Summary of proposals and recommendations


We have tried to explore in this document some ways to achieve compatibility between NERC and TEI proposals, developed within the corpus linguistics community, and the practices usually followed by the speech community as documented in the EAGLES Handbook on Spoken Language Systems and in other sources reviewed.

Recommendations suggested here are based on surveys of current practice and tend to be based in common elements found in different traditions. For this reason, they are of a very general nature and have to be further developed to cover more specific needs.

For the encoding of spoken texts, the following set of elements to be encoded is suggested (see 2.5.3):

Vocal semi-lexical events
Vocal non-lexical events
Non-vocalised non-communicative events
Speaker identity
Speaking turns, indicating a change of speaker
Simultaneous speech or overlapping
Omissions in read text
Word fragments
Unintelligible fragments

The need to develop conversion software between a user-friendly system of transcription and the TEI encoding scheme is also acknowledged.

A proposal for transcription and labelling has been put forward, consisting in three levels (see 2.5.3):

S1 -- Orthographic representation of the text.
S2 -- Phonemic representation of words in citation form: that is, the forms in which words are pronounced in isolation.
S3 -- Phonetic transcription reflecting a discrete symbolic representation of the perceived actual realization of the utterance.

Of course, all these levels have to be linked to the speech signal itself, and the use of automatic alignment techniques to do so is encouraged.

As far as the orthographic representation is concerned, the following recommendations can be suggested (see 4.1):

Use conventional spelling forms as they appear in a standard dictionary. This also applies to contractions, reduced word forms, apostrophes, dialect forms, interjections and vocalised semi-lexical events.
If more than one orthographic form is possible or if non-standard spellings or spelling variations are necessary, maintain a lexicon of the spelling forms used in the transcription
Represent numbers, abbreviations, acronyms and spelled words in full orthographic form as pronounced by the speaker

It has to be noted that punctuation is still one aspect which would need a more in-depth discussion.
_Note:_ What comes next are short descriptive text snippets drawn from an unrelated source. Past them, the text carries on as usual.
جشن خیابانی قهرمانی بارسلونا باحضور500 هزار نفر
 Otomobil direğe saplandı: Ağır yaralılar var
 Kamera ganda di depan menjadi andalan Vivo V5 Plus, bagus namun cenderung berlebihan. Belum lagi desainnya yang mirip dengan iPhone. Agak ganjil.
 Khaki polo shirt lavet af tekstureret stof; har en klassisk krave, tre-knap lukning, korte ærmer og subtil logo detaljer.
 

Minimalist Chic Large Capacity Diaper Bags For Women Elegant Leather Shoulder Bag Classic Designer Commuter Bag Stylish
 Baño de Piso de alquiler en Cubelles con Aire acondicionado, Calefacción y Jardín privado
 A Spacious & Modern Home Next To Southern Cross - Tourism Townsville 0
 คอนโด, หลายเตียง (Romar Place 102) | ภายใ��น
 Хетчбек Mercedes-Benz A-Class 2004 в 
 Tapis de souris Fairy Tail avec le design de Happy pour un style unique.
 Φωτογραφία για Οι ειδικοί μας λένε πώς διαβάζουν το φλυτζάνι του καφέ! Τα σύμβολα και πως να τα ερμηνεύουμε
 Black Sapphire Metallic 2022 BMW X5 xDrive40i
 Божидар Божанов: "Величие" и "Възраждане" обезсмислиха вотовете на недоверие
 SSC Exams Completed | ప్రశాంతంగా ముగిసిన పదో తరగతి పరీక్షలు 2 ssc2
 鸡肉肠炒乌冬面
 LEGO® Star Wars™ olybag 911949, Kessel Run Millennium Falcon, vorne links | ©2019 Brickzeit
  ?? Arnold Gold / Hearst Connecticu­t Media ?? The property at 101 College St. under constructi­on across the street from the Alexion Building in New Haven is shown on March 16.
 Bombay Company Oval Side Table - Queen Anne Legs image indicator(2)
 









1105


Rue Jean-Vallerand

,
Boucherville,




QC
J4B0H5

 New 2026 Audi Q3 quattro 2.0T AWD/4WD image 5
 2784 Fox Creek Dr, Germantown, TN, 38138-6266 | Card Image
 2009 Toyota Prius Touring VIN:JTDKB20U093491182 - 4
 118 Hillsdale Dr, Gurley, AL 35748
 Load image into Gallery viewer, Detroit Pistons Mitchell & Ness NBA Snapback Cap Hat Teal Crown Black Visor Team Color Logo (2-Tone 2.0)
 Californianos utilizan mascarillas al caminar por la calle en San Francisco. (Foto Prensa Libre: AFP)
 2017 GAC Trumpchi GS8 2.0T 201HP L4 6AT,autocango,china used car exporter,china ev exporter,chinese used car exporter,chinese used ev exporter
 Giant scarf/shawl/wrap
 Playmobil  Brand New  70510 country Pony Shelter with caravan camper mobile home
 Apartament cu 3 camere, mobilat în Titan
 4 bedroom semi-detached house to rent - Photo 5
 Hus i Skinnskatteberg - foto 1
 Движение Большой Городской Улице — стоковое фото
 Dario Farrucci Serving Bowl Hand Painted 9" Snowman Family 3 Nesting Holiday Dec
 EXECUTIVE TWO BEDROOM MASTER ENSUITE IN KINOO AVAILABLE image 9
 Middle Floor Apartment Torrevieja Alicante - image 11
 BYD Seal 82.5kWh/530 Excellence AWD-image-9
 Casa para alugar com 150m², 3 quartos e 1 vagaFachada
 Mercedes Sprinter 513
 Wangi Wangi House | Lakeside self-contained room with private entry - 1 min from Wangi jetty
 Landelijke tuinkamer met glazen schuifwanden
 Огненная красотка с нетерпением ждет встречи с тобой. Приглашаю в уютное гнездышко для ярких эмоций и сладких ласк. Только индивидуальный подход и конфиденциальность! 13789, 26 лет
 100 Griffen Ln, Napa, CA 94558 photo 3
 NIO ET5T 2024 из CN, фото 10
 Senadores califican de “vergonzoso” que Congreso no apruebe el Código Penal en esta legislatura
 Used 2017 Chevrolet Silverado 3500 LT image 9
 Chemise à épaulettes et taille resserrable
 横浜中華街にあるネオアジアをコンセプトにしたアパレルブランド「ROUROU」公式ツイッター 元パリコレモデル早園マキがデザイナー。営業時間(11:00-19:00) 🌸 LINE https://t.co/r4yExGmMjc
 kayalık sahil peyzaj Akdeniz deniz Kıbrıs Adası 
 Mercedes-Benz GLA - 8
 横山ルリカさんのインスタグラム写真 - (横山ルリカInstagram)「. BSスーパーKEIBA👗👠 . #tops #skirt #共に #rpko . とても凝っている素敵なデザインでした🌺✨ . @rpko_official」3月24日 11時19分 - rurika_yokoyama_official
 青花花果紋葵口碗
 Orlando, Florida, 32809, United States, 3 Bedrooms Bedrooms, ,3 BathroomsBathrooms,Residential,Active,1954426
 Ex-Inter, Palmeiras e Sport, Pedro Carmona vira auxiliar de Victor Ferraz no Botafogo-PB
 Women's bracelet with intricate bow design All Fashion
The rationale behind these recommendations is the possibility to create an automatic link between the orthographic transcription and the phonemic representation in level S2.

Concerning the choice of a segmental transcription system (see 5.1.3), the IPA (International Phonetic Alphabet) is to be recommended. Whenever a machine-readable equivalent is necessary, SAMPA (SAM Phonetic Alphabet) is recommended for phonemic transcriptions such as those proposed at level S2, and the X-SAMPA extension is to be considered for a phonetic transcription such as the one proposed at level S3.

The prosodic elements to be encoded are discussed in 5.2.2, where it is suggested to represent, at least, the two TEI elements Utterance and Pause.

The choice of a prosodic transcription system is also discussed in 5.2.2. ToBI (Tone and Break Indices) and SAMPROSA (SAM Prosodic Alphabet) - complemented by the X-SAMPA extension - are considered standard machine-readable systems, and the need to develop mappings between different systems is acknowledged. In general, the use of a multi-tiered, machine-readable and multilingual prosodic transcription system is recommended.

Some recommendations for data acquisition are also provided in 3, and can be summarised as follows:

If acceptable in the recording environment, and for optimal acoustical quality, use headset microphones.
Use digital recording devices. If direct recording into a computer is not possible, DAT (Digital Audio Tape) is recommended.

It is clear that these recommendations can only be provisional in the sense that they have to be validated and refined by applying them to different types of spoken materials, although most of them are based on current practice in different scientific communities. However, they are intended to be a first step towards a common set of working conventions which could improve the reusability of speech and spoken language resources.